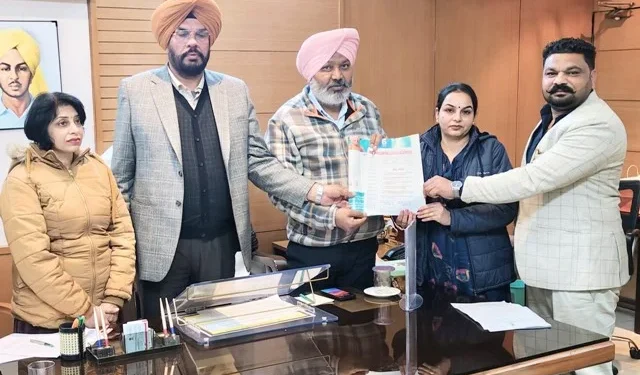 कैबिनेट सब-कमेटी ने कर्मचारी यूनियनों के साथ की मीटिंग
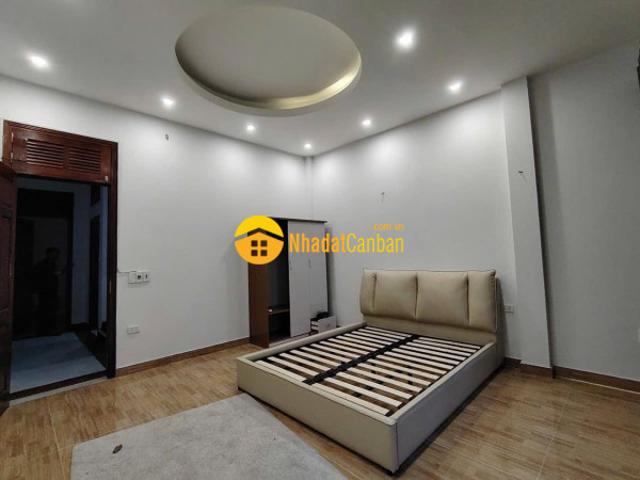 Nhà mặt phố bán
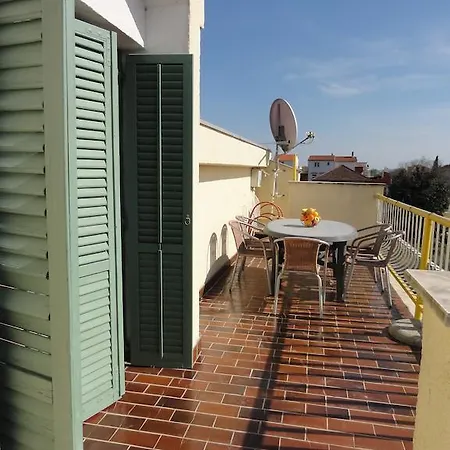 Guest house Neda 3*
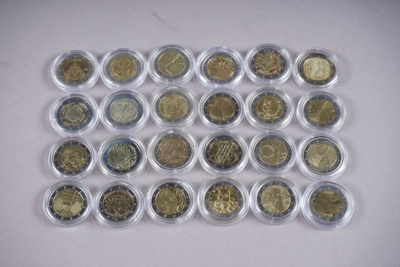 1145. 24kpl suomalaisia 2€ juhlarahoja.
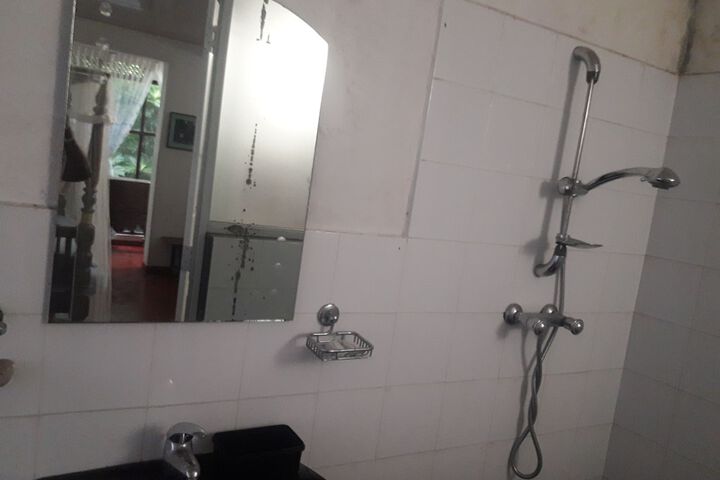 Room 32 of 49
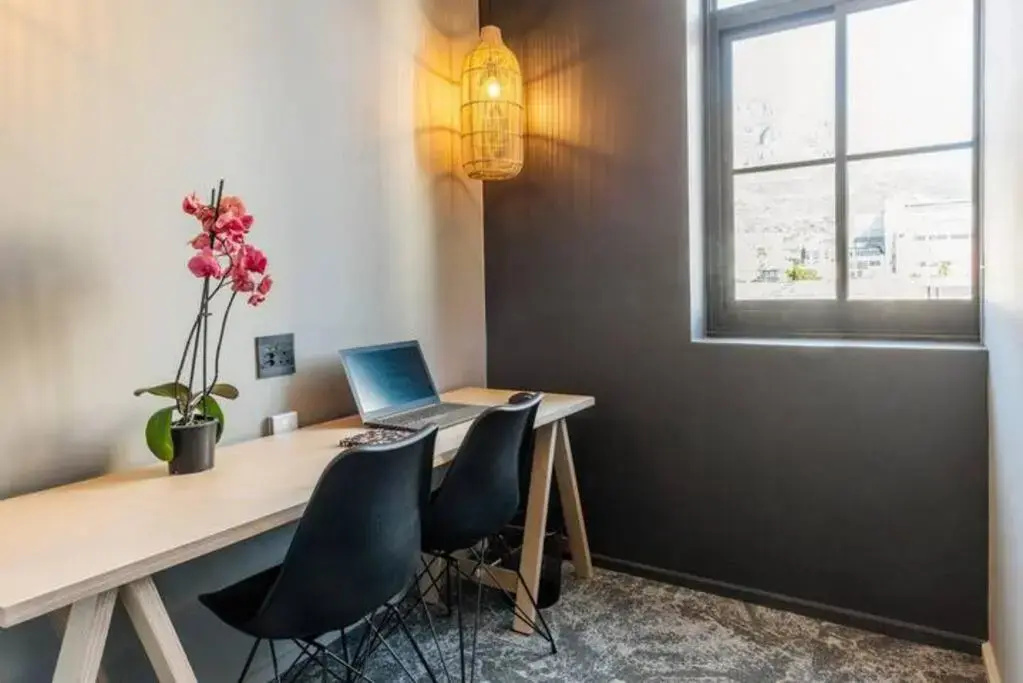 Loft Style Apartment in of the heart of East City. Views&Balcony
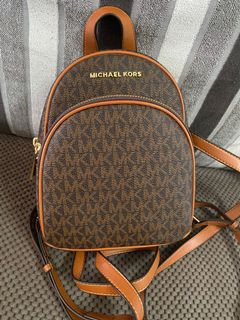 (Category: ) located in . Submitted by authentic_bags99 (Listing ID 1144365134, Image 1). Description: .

----------

- _The task_
Each entry is to be returned precisely as it appears, but the pictures are to be dropped.

- _Problem solution_
 कैबिनेट सब-कमेटी ने कर्मचारी यूनियनों के साथ की मीटिंग
 Nhà mặt phố bán
 Guest house Neda 3*
 1145. 24kpl suomalaisia 2€ juhlarahoja.
 Room 32 of 49
 Loft Style Apartment in of the heart of East City. Views&Balcony
 (Category: ) located in . Submitted by authentic_bags99 (Listing ID 1144365134, Image 1). Description: .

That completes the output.